EXERCISE DATA:
────────────────────────────────────────
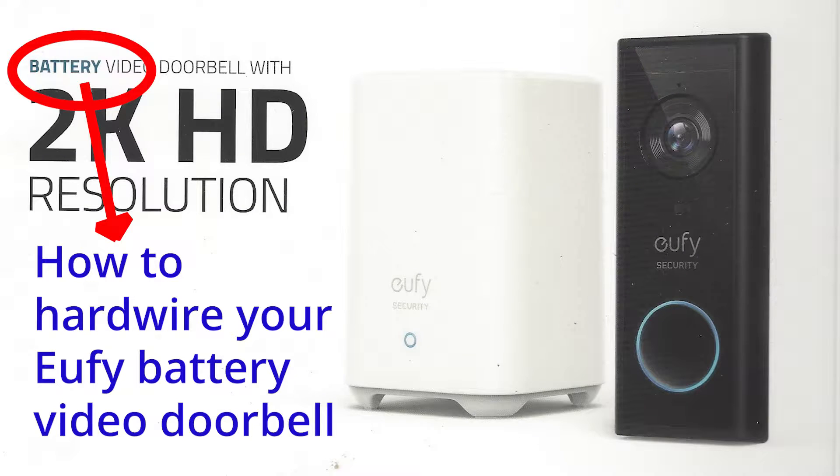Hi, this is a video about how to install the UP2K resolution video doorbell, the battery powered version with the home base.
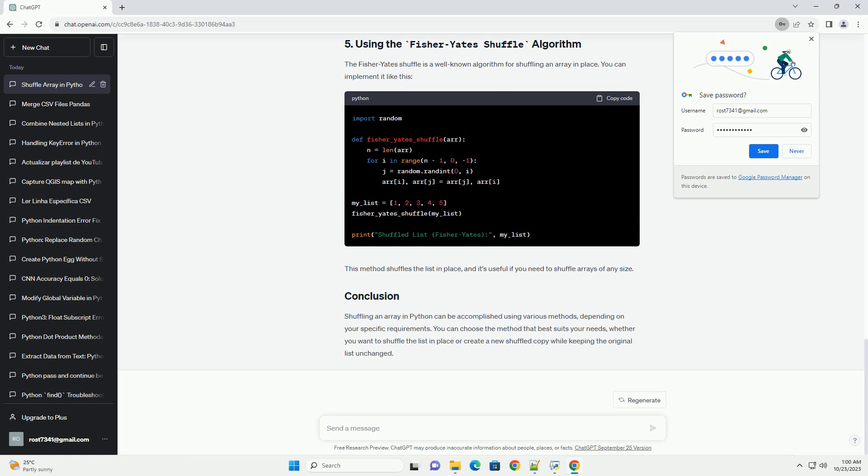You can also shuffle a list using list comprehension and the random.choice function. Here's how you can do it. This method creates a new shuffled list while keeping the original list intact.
────────────────────────────────────────
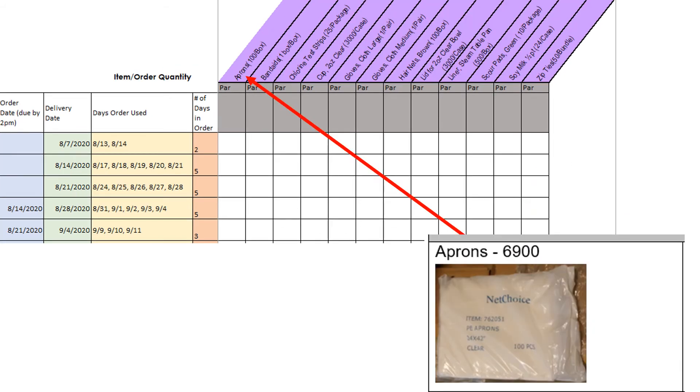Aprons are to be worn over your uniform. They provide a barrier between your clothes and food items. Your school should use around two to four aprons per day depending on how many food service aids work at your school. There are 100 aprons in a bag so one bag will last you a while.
────────────────────────────────────────
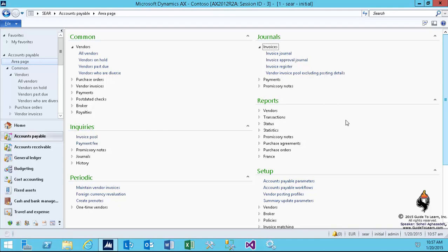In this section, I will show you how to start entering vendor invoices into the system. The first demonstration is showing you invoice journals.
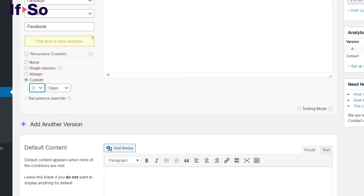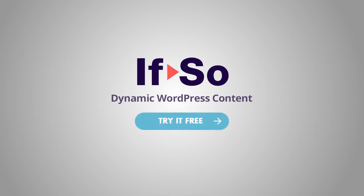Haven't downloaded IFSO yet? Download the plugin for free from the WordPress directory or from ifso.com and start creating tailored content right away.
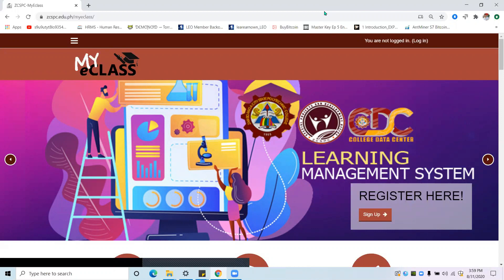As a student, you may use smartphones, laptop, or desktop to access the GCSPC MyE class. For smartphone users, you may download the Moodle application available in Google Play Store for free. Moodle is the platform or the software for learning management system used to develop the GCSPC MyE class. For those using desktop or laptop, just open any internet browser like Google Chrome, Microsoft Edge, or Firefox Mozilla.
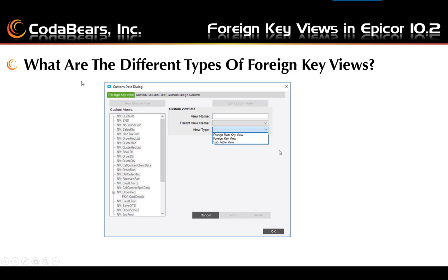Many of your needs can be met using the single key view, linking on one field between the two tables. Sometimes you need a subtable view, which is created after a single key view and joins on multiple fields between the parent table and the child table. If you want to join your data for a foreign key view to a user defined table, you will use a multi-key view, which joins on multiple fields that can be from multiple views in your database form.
────────────────────────────────────────
WHAT IS EXPECTED: Print nothing but the lines above starting with the line that contains "Hi, this is" and going on through the line that contains "You can also". Leave out the pictures.

SOLUTION:
Hi, this is a video about how to install the UP2K resolution video doorbell, the battery powered version with the home base.
You can also shuffle a list using list comprehension and the random.choice function. Here's how you can do it. This method creates a new shuffled list while keeping the original list intact.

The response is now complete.